**Source material**

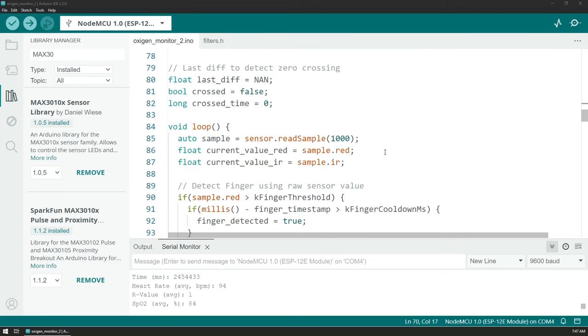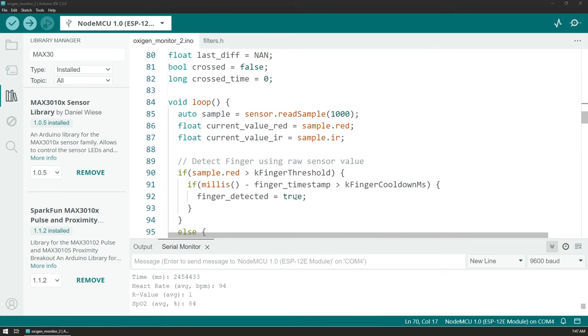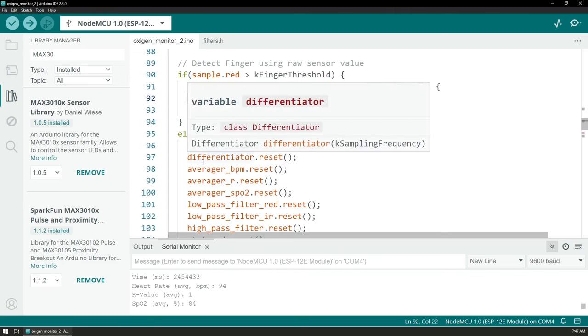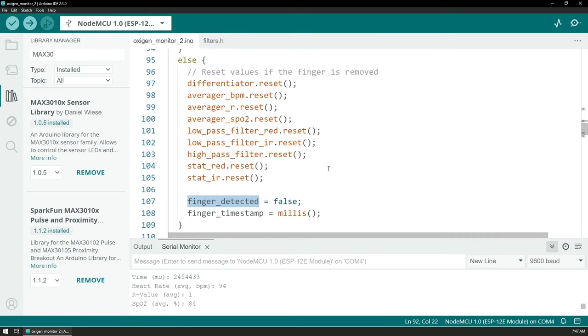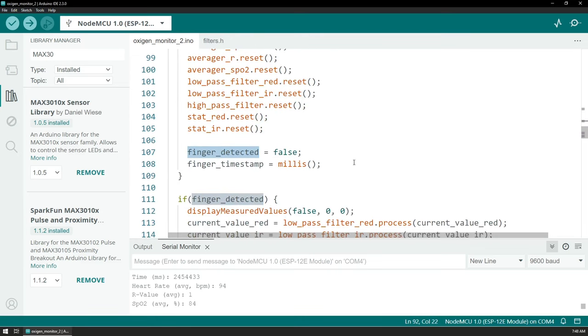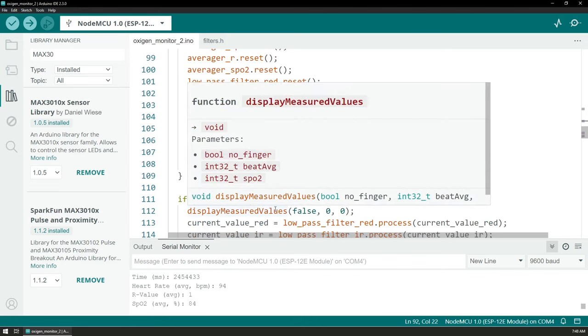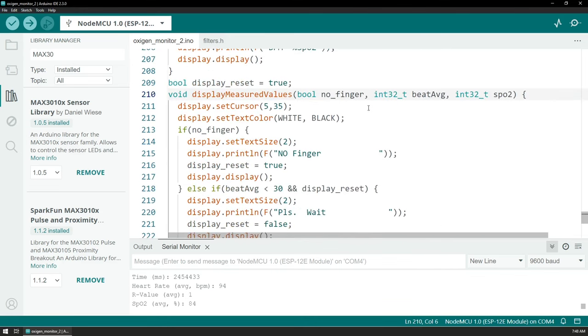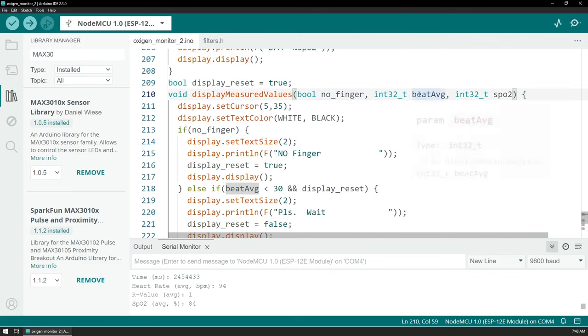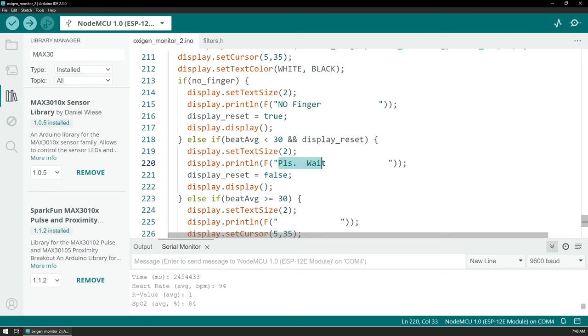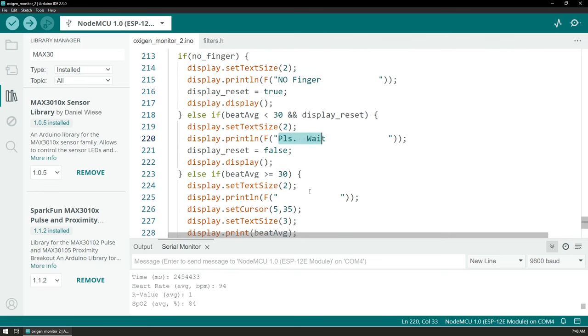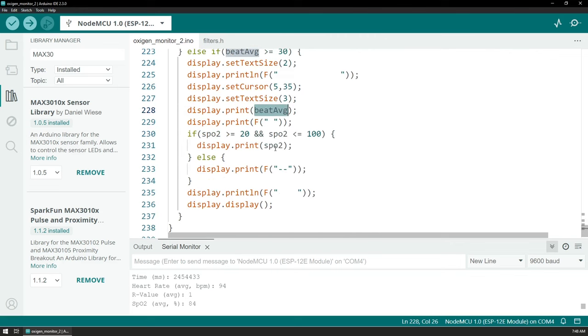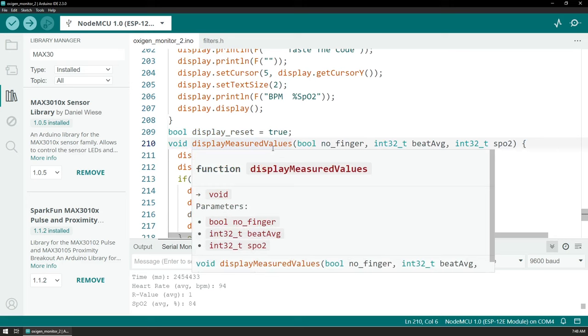Then in the loop function we're reading the samples and figuring out if we have a finger detected. If not, we are just resetting everything and start from the beginning. If we do have a finger detected, then I'm using the display measured values function to show the information on screen. Depending on whether we have a finger and what the values are for the beats per minute and the saturation, then I display the different information like saying that there is no finger detected or that we should wait, and finally displaying the right information for the beats and the saturation.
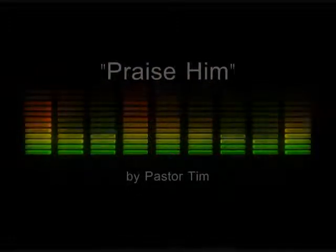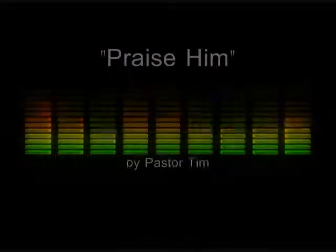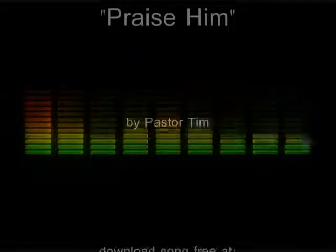Praise him daily, you should praise him daily. Call him daily, you should call him daily.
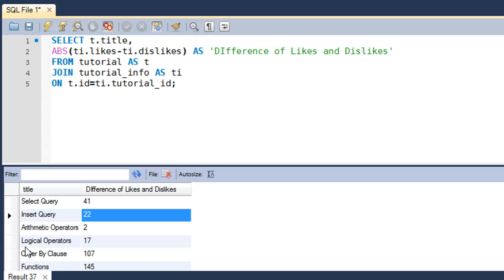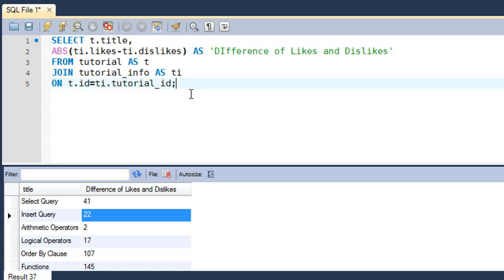With this kind of result you cannot tell whether the number of likes is greater than dislikes or vice versa — that's something you can't determine when using the ABS function. But sometimes you need it: if you don't want to display negative data and you're just talking about differences between quantities without caring which quantity is greater, then the absolute function is something you can use.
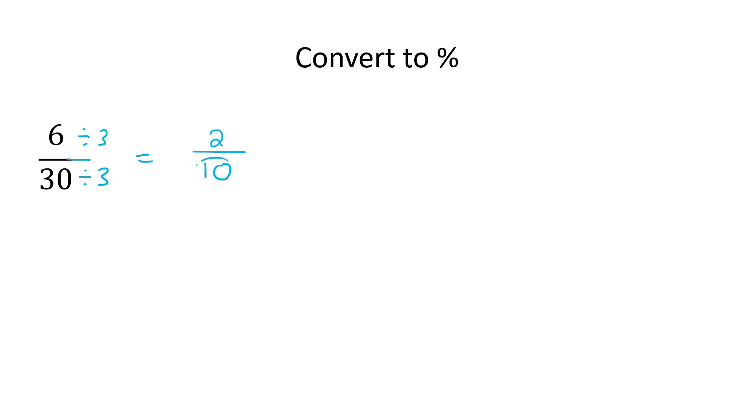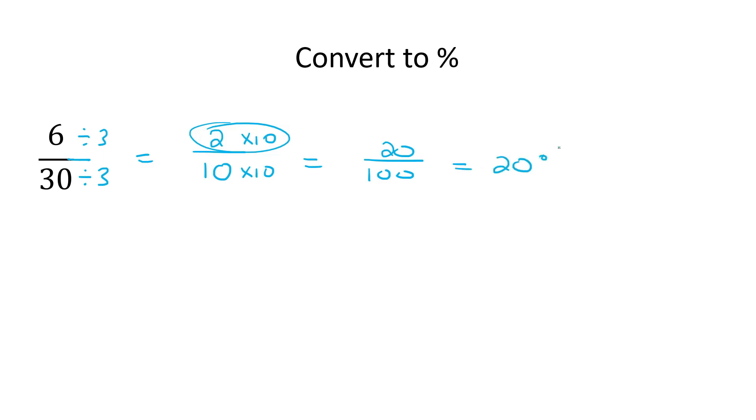Now we know the number 10, if you multiply that by 10, what you do to the bottom, you do to the top, that'll then give us 100 at the bottom. And at the top, it'll give us 20. And so therefore, 20%.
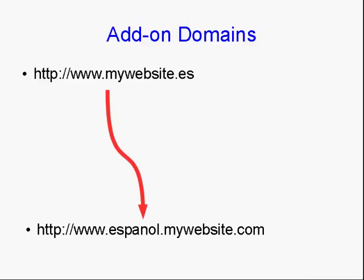And it will redirect to espanol.mywebsite.com. So it will redirect that to the Espanol subdomain on your website.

**About this task**
What you return should be only the exact lines from the top of the entries through the line with "Praise him daily, you", minus the pictures.

**Output below**
Then in the loop function we're reading the samples and figuring out if we have a finger detected. If not, we are just resetting everything and start from the beginning. If we do have a finger detected, then I'm using the display measured values function to show the information on screen. Depending on whether we have a finger and what the values are for the beats per minute and the saturation, then I display the different information like saying that there is no finger detected or that we should wait, and finally displaying the right information for the beats and the saturation.
Praise him daily, you should praise him daily. Call him daily, you should call him daily.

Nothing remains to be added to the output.